Since then the discussion has been about what had happened. Elliott and Dillon made contact but what had happened has been debated about. Many people were up in arms about how the race ended and felt that Dillon was dumped by Elliott and that Elliott was wrong in what he did. Others felt Elliott had position and Dillon came down.
Dillon wasn't happy with Elliott either. He was very unpleased with what occurred and went up to Elliott after the race and questioned the move. The race teams of both drivers even got into a pit road altercation at the end of the race although it didn't last long. It was a wild scene in Canada and it brought me back to a sunny day in June 1991 in Sonoma, California when two drivers had a similar altercation and NASCAR took actions into their own hands.
On that particular day Ricky Rudd and Davey Allison found themselves in a battle in the closing laps of the 1991 Banquet 300. The two drivers inherited the lead after Tommy Kendall and Mark Martin go together with four laps to go. Kendall was leading when he and Martin made contact in corner number seven, sending Martin into a hard spin. Kendall remained in the lead but was chased down by both Allison and Rudd after suffering from a flat tire from the incident.

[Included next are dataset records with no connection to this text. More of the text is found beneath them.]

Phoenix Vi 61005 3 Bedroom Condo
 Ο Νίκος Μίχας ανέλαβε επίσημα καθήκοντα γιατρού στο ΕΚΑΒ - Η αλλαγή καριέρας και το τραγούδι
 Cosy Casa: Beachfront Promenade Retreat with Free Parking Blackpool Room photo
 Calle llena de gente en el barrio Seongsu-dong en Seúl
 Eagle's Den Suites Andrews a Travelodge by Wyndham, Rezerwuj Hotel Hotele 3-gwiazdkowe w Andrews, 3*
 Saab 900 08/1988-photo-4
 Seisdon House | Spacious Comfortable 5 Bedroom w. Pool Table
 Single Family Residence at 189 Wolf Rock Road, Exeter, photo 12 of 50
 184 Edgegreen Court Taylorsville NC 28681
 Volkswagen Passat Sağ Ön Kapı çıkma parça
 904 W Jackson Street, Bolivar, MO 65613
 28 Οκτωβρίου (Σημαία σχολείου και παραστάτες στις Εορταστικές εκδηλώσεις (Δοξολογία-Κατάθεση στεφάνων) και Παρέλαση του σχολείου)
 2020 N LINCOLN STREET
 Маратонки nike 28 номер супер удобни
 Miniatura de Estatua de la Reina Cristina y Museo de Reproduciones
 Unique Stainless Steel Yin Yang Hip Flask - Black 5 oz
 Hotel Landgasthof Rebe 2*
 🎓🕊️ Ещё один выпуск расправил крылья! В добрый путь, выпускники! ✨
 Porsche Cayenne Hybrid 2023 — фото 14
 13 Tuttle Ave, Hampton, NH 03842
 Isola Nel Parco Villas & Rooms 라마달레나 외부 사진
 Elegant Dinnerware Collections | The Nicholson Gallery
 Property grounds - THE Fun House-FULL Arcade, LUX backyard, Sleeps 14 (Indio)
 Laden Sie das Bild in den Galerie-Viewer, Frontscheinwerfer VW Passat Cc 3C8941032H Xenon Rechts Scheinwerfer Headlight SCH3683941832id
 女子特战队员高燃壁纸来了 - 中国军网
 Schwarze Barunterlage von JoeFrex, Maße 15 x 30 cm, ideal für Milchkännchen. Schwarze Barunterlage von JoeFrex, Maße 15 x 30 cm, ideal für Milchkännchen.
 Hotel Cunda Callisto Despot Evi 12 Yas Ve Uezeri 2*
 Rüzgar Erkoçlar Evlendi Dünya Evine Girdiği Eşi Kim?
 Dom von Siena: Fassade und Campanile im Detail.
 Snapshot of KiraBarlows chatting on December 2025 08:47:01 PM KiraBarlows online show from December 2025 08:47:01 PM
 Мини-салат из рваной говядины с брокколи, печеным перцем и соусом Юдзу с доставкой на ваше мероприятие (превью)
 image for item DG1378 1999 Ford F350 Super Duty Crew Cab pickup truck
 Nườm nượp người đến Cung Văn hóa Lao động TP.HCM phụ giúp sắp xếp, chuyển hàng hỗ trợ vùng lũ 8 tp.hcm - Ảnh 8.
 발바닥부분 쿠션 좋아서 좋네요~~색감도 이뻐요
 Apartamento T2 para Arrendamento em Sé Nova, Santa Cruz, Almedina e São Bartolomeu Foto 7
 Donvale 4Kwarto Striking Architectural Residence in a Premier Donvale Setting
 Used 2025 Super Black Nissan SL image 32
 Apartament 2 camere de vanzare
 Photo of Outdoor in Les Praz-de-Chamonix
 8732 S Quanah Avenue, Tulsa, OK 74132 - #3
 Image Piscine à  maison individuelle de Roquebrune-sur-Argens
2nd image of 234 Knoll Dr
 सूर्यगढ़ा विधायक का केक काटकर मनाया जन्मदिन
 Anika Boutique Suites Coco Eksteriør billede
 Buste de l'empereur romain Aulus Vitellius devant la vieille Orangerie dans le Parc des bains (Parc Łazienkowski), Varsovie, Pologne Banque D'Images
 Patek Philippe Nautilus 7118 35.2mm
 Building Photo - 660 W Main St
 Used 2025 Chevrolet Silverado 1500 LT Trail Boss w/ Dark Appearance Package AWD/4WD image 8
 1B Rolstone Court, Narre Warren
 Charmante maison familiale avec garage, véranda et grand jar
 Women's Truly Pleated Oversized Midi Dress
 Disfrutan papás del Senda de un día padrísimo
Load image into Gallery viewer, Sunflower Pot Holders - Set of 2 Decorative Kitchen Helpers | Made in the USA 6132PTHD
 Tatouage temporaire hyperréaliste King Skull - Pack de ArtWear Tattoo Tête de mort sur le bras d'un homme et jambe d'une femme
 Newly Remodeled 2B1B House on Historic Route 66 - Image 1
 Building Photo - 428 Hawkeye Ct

That set the stage for perhaps one of the most strangest finishes in NASCAR history. Allison and Rudd pulled away from Kendall and it would be those two to determine the finish. Allison led by over three car lengths originally and had a pretty consistent lead for the next three laps. Rudd, however, wasn't to be denied.
Back in the early 1990's Unocal 76, the company that supplied the fuel for NASCAR, gave a cash bonus for any driver who won from the pole. Rudd was the pole sitter and was due to make an extra $45,600 if he could find his way into victory lane. Add that with the fact that Rudd was second in the points standings and a win for Rudd could really go a long way.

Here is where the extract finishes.